▶ _Data to use_
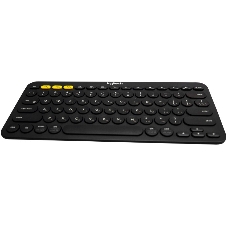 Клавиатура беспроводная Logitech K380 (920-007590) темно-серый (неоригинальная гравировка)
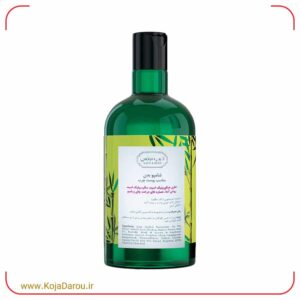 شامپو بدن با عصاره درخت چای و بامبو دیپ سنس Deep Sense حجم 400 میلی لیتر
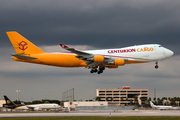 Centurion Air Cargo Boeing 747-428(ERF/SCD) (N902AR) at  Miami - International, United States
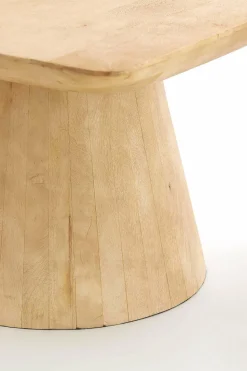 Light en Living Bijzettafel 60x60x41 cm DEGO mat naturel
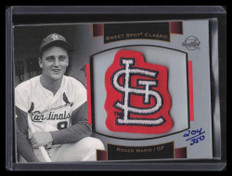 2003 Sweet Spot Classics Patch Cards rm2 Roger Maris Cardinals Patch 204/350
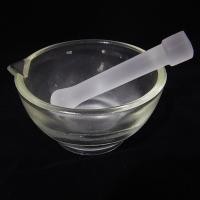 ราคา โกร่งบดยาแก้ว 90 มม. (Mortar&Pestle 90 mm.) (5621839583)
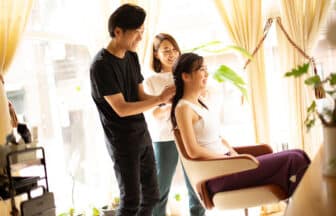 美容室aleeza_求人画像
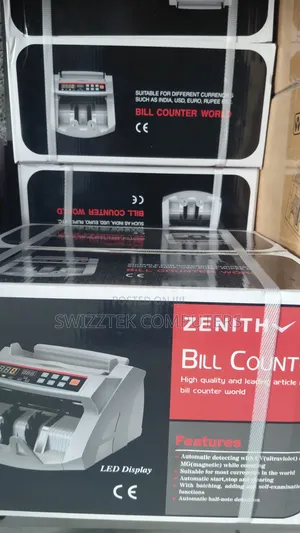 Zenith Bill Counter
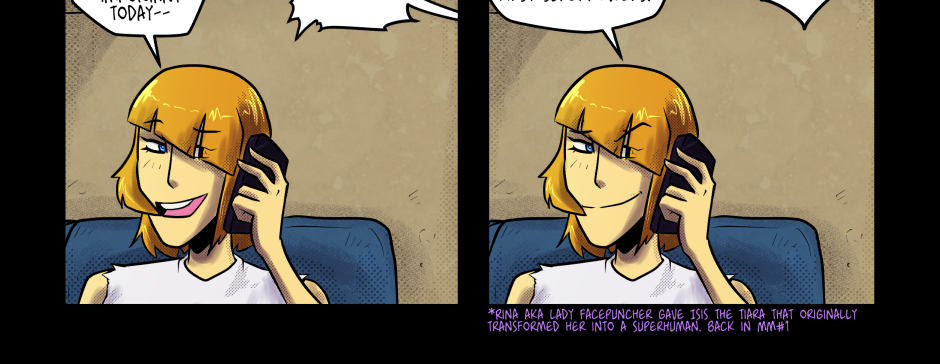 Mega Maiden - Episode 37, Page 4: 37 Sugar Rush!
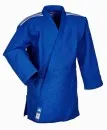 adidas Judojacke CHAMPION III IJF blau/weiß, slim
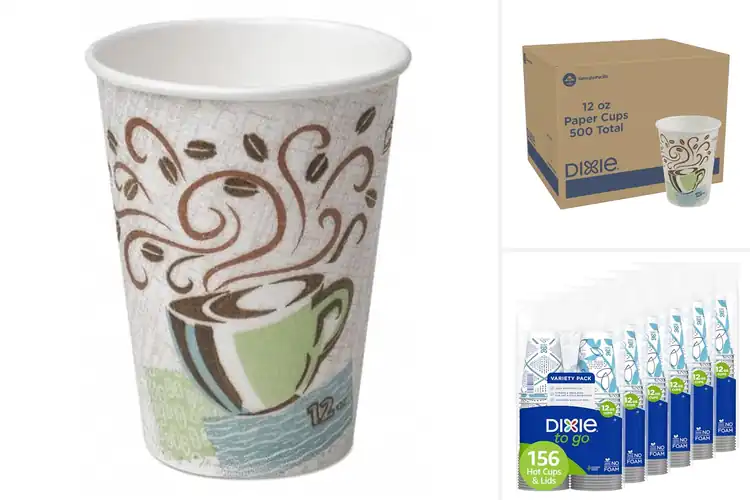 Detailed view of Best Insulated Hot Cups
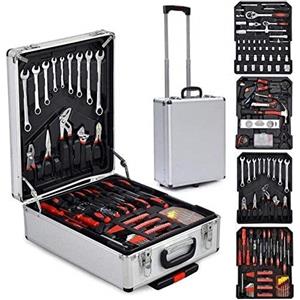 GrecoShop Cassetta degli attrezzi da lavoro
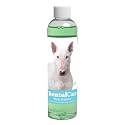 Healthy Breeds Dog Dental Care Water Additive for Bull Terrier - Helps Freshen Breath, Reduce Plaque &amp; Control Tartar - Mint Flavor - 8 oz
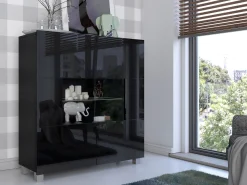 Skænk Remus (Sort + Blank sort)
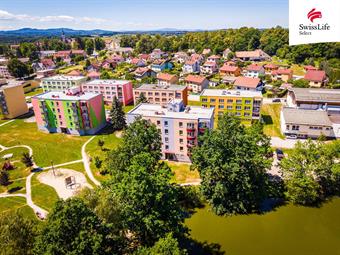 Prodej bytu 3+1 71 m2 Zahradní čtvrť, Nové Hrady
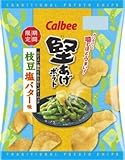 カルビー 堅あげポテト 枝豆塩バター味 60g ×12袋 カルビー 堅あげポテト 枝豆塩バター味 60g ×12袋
* * *
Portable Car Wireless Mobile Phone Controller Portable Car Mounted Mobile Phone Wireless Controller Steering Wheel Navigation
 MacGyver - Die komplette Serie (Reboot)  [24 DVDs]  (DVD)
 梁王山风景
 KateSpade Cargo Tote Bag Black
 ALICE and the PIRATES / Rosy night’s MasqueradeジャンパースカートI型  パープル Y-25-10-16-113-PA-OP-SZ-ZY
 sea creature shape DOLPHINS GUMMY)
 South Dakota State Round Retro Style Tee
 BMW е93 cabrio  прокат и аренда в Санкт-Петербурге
---
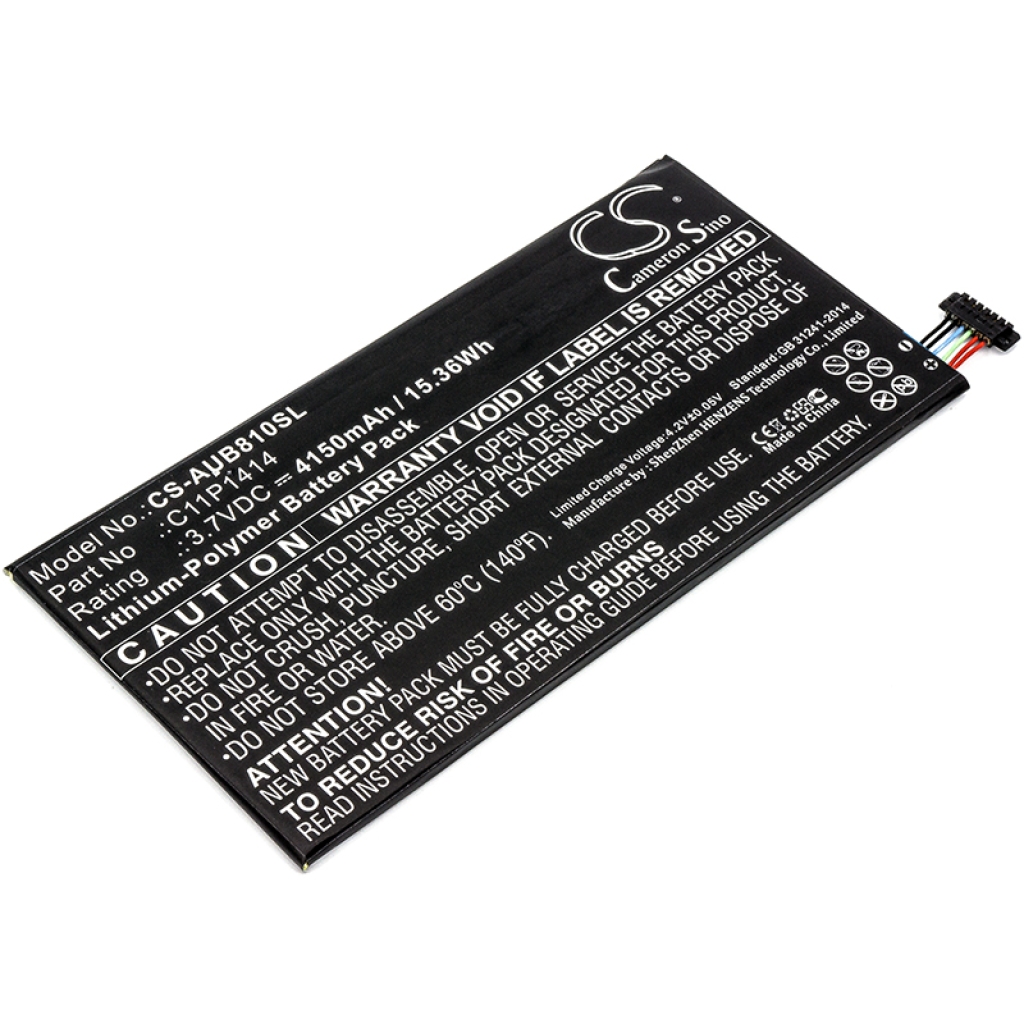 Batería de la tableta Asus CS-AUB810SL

▶ _Exercise objective_
Given the listing above, repeat exactly the lines starting at the one with "Клавиатура беспроводная Logitech" and ending at the one with "Centurion Air Cargo", inclusive, excluding pictures.

▶ _Answer section_
 Клавиатура беспроводная Logitech K380 (920-007590) темно-серый (неоригинальная гравировка)
 شامپو بدن با عصاره درخت چای و بامبو دیپ سنس Deep Sense حجم 400 میلی لیتر
 Centurion Air Cargo Boeing 747-428(ERF/SCD) (N902AR) at  Miami - International, United States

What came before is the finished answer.